L'électronicien Cimulec à Ennery (Moselle) profite de la montée des commandes dans le secteur de la défense, son principal débouché. Il anticipe une hausse de 13% de son chiffre d’affaires cette année. L’entreprise de 200 salariés, lauréate de deux appels à projets de France Relance, doit cependant composer avec un environnement incertain.


Les hautes altitudes constituent le terrain de jeu favori de Cimulec, ses circuits imprimés embarquant dans des avions de combat, mais aussi des satellites de télécommunications. La PME basée à Ennery (Moselle), au nord de Metz, est en revanche moins à son aise dans les montagnes russes de la conjoncture…

Alinsi, ses carnets de commandes sont restés désespérément vides à la fin de l’année 2021 suite à la pandémie de Covid. Mais aujourd’hui ils sont chargés, pour les douze mois à venir, ce qui offre une visibilité plutôt confortable. Ce constat conduit le président de l'entreprise familiale, Laurent Bodin, à décrire « une situation économique très favorable, mais dans un contexte éminemment complexe ».

En effet, si Cimulec anticipe pour cette année une progression de 13 % de son chiffre d’affaires par rapport aux 23 millions d’€ réalisés en 2022, il doit composer avec les difficultés de recrutement, la hausse du prix des énergies et des problématiques de trésorerie.

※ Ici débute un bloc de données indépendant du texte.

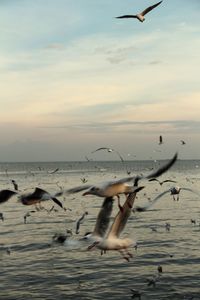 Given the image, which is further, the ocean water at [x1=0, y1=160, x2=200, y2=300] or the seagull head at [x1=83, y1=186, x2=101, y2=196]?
the ocean water at [x1=0, y1=160, x2=200, y2=300]

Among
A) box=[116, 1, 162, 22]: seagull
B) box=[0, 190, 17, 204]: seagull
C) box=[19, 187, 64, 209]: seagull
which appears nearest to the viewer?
box=[0, 190, 17, 204]: seagull

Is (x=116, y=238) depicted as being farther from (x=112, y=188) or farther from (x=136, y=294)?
(x=136, y=294)

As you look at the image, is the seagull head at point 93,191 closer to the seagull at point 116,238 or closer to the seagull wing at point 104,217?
the seagull wing at point 104,217

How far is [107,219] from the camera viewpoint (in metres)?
9.47

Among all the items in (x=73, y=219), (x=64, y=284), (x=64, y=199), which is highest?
→ (x=64, y=199)

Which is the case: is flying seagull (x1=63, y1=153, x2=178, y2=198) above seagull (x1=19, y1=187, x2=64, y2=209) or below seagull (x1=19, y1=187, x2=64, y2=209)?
above

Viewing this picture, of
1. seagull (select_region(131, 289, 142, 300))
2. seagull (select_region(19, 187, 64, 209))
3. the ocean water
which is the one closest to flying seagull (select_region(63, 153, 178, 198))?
seagull (select_region(19, 187, 64, 209))

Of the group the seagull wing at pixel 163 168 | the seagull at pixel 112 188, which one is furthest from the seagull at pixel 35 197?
the seagull wing at pixel 163 168

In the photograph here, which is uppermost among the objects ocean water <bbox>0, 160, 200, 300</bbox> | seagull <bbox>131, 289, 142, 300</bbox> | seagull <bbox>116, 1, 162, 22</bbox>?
seagull <bbox>116, 1, 162, 22</bbox>

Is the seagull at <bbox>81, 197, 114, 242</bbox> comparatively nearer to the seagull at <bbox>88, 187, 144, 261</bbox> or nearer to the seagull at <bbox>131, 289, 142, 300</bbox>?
the seagull at <bbox>88, 187, 144, 261</bbox>

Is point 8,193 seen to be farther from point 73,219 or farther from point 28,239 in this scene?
point 73,219

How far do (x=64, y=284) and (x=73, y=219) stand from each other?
2071 cm

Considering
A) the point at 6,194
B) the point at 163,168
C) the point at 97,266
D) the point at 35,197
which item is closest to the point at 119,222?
the point at 35,197

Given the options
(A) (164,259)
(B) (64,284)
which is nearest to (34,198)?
(B) (64,284) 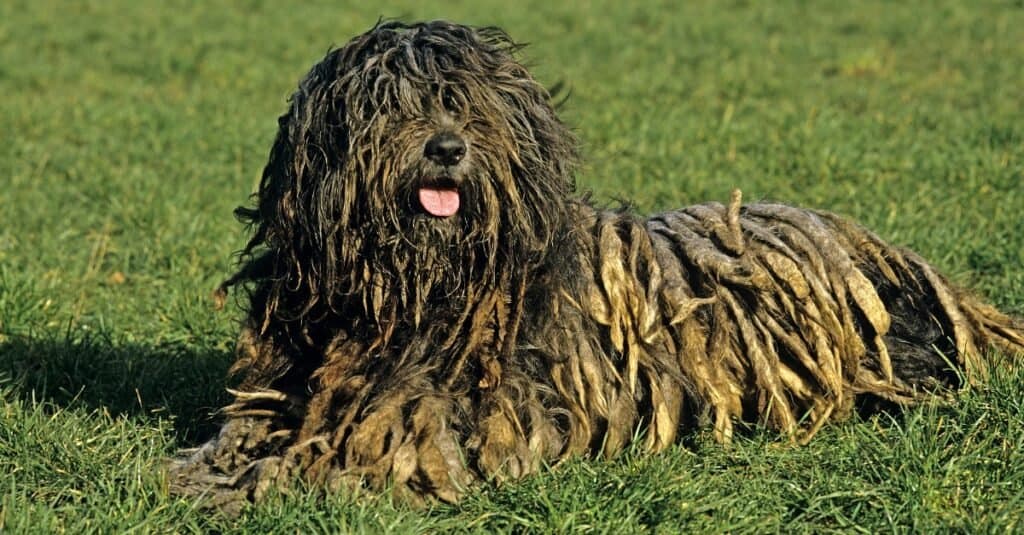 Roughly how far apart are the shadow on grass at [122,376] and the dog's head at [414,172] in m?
1.09

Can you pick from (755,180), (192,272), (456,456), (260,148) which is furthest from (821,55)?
(456,456)

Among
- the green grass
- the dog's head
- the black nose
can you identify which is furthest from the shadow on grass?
the black nose

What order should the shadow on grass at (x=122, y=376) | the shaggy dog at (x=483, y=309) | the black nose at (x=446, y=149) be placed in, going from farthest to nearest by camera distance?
the shadow on grass at (x=122, y=376) < the shaggy dog at (x=483, y=309) < the black nose at (x=446, y=149)

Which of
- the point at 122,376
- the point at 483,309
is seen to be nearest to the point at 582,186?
the point at 122,376

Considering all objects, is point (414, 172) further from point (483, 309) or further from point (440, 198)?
point (483, 309)

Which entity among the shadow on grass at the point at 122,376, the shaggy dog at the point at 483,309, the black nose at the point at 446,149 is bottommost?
the shadow on grass at the point at 122,376

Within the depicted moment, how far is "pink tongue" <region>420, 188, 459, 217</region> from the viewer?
418 centimetres

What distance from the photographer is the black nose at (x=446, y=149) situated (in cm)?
411

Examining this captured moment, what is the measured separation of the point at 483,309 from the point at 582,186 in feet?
11.9

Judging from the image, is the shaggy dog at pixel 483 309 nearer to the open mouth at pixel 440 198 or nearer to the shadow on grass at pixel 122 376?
the open mouth at pixel 440 198

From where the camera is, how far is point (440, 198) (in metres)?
4.20

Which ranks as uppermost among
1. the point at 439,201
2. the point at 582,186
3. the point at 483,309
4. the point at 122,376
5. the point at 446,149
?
the point at 446,149

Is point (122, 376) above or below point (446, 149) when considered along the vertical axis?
below

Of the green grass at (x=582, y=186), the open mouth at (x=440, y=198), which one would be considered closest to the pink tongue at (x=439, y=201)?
the open mouth at (x=440, y=198) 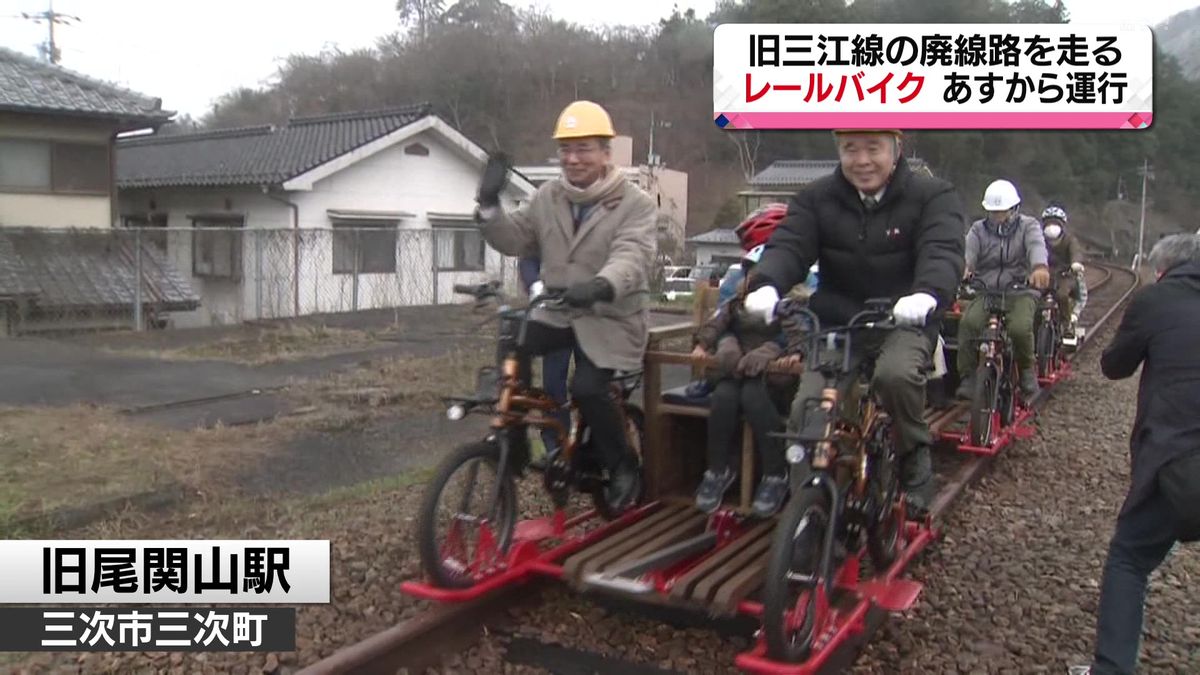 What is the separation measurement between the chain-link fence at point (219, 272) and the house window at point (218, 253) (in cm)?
3

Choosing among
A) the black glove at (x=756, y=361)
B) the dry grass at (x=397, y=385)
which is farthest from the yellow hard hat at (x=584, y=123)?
the dry grass at (x=397, y=385)

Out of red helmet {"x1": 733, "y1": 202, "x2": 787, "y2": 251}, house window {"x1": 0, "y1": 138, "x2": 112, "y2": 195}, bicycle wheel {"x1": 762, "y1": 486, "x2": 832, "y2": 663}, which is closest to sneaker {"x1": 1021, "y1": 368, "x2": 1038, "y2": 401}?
red helmet {"x1": 733, "y1": 202, "x2": 787, "y2": 251}

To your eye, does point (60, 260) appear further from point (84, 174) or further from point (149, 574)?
point (149, 574)

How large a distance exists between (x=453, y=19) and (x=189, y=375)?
55.4 m

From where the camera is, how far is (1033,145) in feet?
158

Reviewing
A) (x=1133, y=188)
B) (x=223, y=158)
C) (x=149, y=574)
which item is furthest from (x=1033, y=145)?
(x=149, y=574)

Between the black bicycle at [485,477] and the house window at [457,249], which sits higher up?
the house window at [457,249]

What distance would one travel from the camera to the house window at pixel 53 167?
52.7 ft

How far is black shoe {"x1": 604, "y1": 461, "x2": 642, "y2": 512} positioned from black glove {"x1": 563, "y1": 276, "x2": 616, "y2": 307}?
3.53ft

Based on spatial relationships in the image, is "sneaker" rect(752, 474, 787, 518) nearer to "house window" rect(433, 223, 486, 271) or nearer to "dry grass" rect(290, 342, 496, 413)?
"dry grass" rect(290, 342, 496, 413)

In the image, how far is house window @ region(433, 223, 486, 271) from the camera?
803 inches

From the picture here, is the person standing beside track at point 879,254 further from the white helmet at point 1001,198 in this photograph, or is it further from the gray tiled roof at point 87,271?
the gray tiled roof at point 87,271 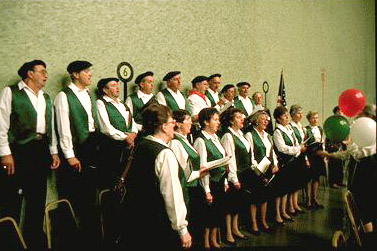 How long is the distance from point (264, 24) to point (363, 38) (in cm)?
786

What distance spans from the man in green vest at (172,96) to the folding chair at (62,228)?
1765 millimetres

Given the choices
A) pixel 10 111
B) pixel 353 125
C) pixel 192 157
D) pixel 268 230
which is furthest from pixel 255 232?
pixel 10 111

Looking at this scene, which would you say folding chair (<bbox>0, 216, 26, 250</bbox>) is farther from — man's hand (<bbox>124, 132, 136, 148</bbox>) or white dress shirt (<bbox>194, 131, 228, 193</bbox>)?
white dress shirt (<bbox>194, 131, 228, 193</bbox>)

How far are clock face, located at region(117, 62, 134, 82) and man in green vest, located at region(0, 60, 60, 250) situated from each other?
3.81 feet

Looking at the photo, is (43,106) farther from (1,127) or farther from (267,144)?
(267,144)

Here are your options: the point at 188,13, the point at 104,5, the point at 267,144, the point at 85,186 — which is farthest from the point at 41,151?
the point at 188,13

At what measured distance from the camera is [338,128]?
3092mm

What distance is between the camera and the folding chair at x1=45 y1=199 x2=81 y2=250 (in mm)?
2326

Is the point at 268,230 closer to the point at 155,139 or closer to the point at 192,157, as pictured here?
the point at 192,157

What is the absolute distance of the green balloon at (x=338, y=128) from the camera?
3086mm

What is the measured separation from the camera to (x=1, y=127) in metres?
2.50

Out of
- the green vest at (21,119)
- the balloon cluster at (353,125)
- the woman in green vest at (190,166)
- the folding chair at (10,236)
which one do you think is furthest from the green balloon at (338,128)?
the folding chair at (10,236)

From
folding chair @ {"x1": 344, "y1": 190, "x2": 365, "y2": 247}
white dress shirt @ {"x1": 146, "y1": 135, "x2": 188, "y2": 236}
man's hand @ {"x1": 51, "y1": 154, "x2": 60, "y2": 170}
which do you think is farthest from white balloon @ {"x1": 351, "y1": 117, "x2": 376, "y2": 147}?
man's hand @ {"x1": 51, "y1": 154, "x2": 60, "y2": 170}

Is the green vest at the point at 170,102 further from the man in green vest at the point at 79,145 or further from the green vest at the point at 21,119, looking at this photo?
the green vest at the point at 21,119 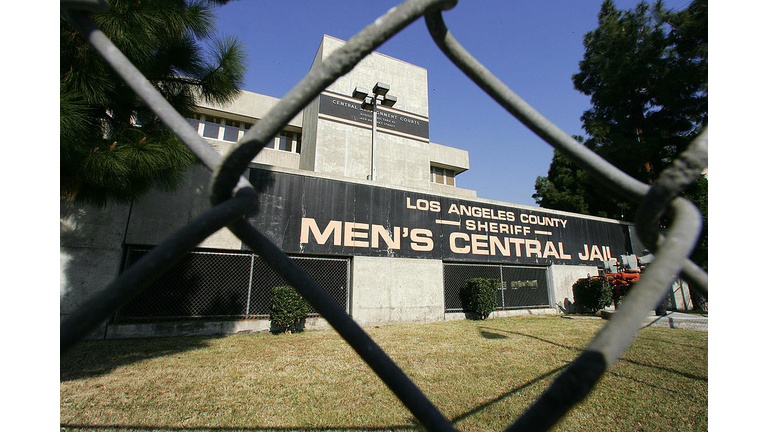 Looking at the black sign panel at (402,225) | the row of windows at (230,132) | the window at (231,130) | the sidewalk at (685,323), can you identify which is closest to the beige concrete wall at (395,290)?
the black sign panel at (402,225)

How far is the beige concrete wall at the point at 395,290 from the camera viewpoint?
29.5ft

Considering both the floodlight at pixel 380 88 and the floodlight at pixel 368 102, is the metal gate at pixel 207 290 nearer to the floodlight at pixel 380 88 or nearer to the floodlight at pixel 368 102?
the floodlight at pixel 380 88

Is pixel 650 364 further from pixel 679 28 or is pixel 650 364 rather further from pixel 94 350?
pixel 94 350

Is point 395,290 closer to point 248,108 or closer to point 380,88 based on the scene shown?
point 380,88

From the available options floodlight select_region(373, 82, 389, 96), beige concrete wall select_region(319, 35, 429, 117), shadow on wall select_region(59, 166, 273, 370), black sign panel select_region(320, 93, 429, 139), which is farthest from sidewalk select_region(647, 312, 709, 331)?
beige concrete wall select_region(319, 35, 429, 117)

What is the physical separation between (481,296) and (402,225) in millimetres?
3209

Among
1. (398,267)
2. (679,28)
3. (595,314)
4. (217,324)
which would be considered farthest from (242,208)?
(595,314)

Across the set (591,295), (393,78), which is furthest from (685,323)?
(393,78)

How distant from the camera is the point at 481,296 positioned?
9.99m

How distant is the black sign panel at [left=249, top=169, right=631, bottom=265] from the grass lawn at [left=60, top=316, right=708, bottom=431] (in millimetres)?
3167

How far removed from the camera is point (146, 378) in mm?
4113

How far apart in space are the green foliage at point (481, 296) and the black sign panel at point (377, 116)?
9531 mm

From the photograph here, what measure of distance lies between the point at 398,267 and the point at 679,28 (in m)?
8.24

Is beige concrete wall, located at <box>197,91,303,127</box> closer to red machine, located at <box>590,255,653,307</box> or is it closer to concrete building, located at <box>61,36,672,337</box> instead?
concrete building, located at <box>61,36,672,337</box> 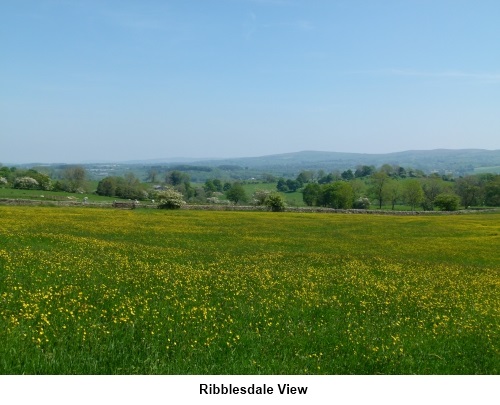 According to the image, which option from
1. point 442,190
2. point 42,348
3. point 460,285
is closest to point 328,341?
point 42,348

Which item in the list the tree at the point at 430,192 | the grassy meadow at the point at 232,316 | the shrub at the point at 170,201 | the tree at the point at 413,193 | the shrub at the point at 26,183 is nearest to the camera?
the grassy meadow at the point at 232,316

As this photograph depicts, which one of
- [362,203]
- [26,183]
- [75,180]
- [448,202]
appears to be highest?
[75,180]

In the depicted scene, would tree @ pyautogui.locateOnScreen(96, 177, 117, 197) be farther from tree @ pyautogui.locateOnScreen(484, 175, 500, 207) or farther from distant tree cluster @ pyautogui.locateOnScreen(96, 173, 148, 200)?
tree @ pyautogui.locateOnScreen(484, 175, 500, 207)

Ces contraintes rendent le challenge particulièrement ardu pour ce groupe lorrain de 200 salariés composé des sociétés Cimulec à Ennery, CSI-Sud ouest à Toulouse et Systronic dans l’Essonne. L’entreprise évolue sur un marché de niche, celui des circuits imprimés qu’elle fournit majoritairement à des clients dans le secteur de la défense : Thales, MBDA, Safran, Airbus Defence and Space, Saab, etc.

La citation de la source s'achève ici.